Every concerned North Carolinian (and we all should be concerned) should contact our U.S. representatives and senators and demand that they call for Trump to get back to work, acknowledge his defeat and offer the tools and resources owed to the incoming administration.

This is our country. Our government must do its duty to protect us.

Greyson Kuhn


Resembling Venezuela

Some time ago, the president suggested that, were his opponent to win the election, this country would look like Venezuela.

Well, the president was right.

His opponent did win, and at this moment, the country does indeed look like Venezuela. But while Donald Trump is still president.

Jim Barborak


A clothes-less emperor

How unfortunate that a letter writer's vacuous verbosity ("Since you asked ..." Nov. 19) touted a monumental miscreant, recently routed out of office.

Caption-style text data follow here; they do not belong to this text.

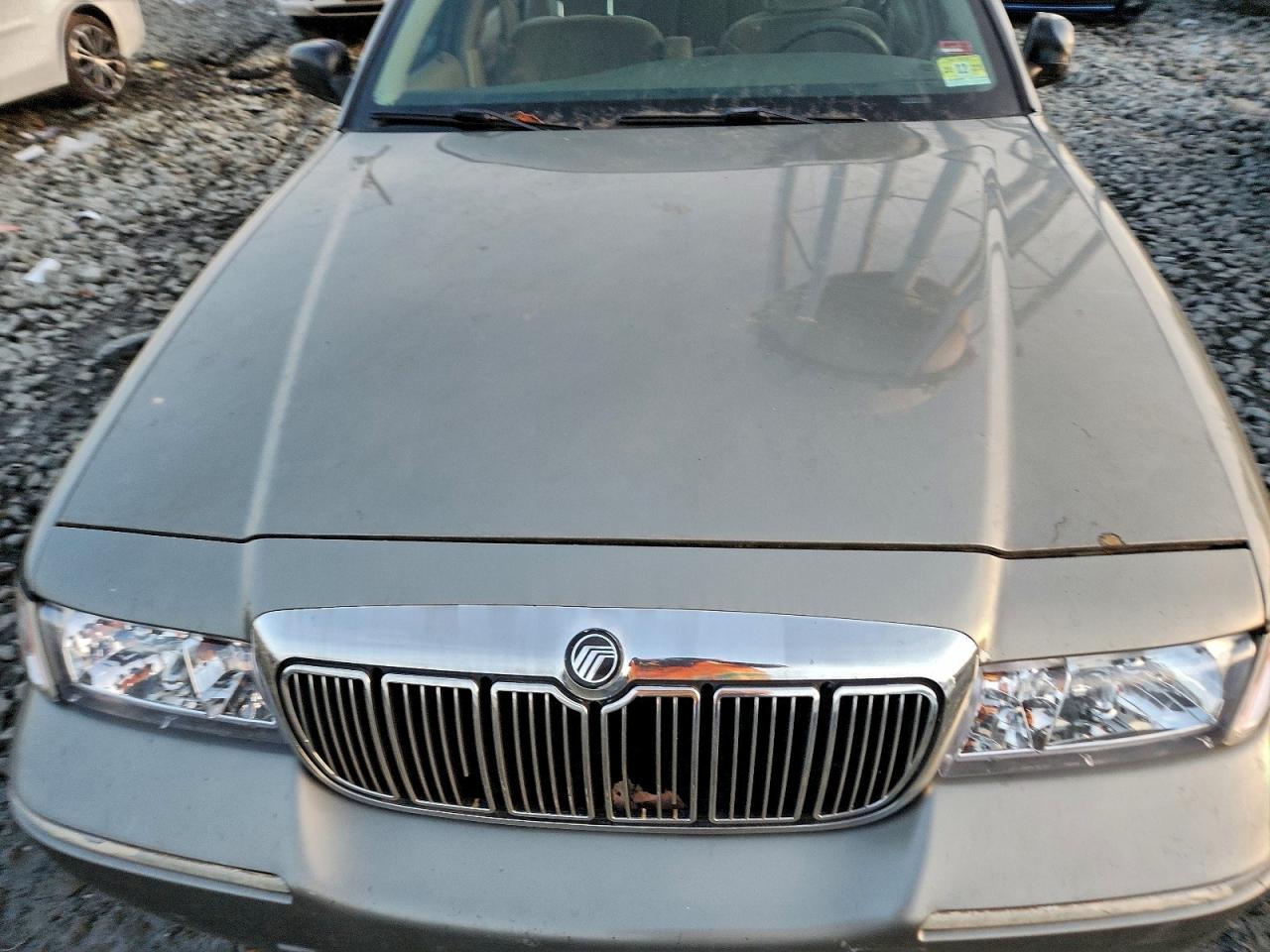 2002 MERCURY GRMARQUIS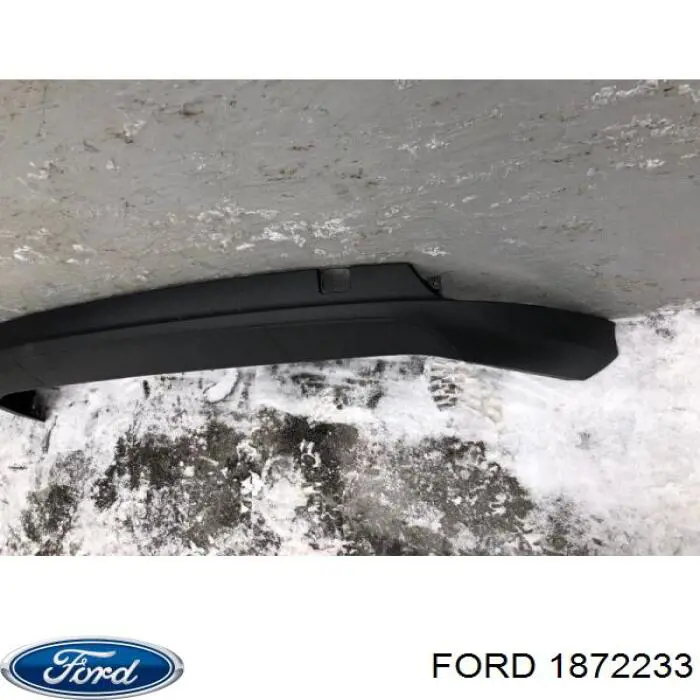 Спойлер заднього бампера Ford 1872233 ціна, від 65.51 USD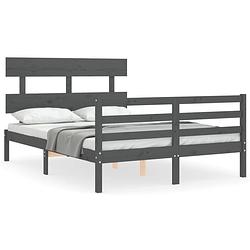 Foto van The living store houten bedframe - grijs - 205.5 x 125.5 x 81 cm - geschikt voor 120 x 200 cm matras - massief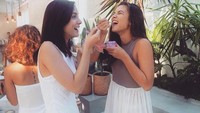Wah lagi makan apa ya ini? Ekspresinya senang banget nih. Tampaknya Angel dan temannya tengah menikmati es krim. Foto: instagram @angelagilsha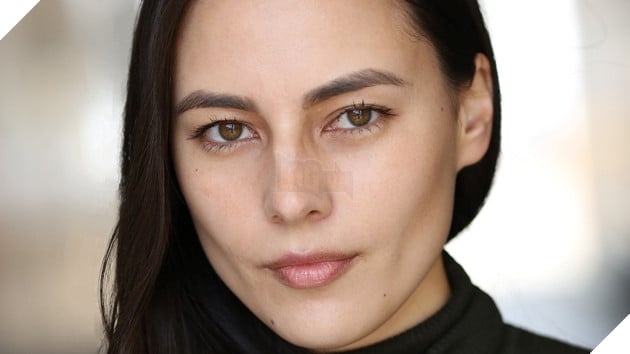 Noemie Nakai thủ vai Miss Roth, một trong những nhân vật đồng hành với James Bond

Ironically, her pompous plethora of adjectives spewed in her parting paragraph describe perfectly this narcissistic nabob and the blundering buffoons who surround him — not the perspicacious pundits who see that the emperor has no clothes.

Phyllis Shaw


'Ain't the way'

I learned a new phrase recently, Letter of Ascertainment, that has a significant effect on the presidential transition of President-elect Joe Biden. Allow me to explain.

It is clear to almost anyone looking at the election results that Biden will be the next president of the United States and needs to be ready.

So, is there a problem with the transition? Yes.

The president-elect needs several things to ensure a smooth transition of power. His team needs funds, offices, government emails, meetings with current Cabinet officials, etc.

Well, this won’t happen until a General Services Administration employee issues a Letter of Ascertainment that indeed Biden is the president-elect.

In almost every case this letter is issued promptly, apart from 2000, where a few hundred votes were in dispute. This is not the case here.

The GSA employee tasked with writing the letter is apparently afraid to anger President Trump, who irrationally claims he won the election.

The delay is not as bad as it could be as Biden has quite a bit of government experience in Congress and the executive branch.

However, “Maybe you don’t know that, but this ain’t the way it’s s’posed to be” (Danny Glover in the movie "Grand Canyon").